▶ _Supplied material_

%%

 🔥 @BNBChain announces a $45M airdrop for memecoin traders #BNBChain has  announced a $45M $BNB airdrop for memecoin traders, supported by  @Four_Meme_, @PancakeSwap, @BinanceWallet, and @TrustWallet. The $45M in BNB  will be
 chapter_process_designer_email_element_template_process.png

%%
%%

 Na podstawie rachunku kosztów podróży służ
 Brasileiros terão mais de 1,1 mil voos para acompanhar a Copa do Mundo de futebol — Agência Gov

%%

▶ _Task to complete_
Look above for the line holding "Na podstawie rachunku kosztów podróży służ". Print it and every line after it, exactly, through the line holding "Brasileiros terão mais".

▶ _Answer for this exercise_
 Na podstawie rachunku kosztów podróży służ
 Brasileiros terão mais de 1,1 mil voos para acompanhar a Copa do Mundo de futebol — Agência Gov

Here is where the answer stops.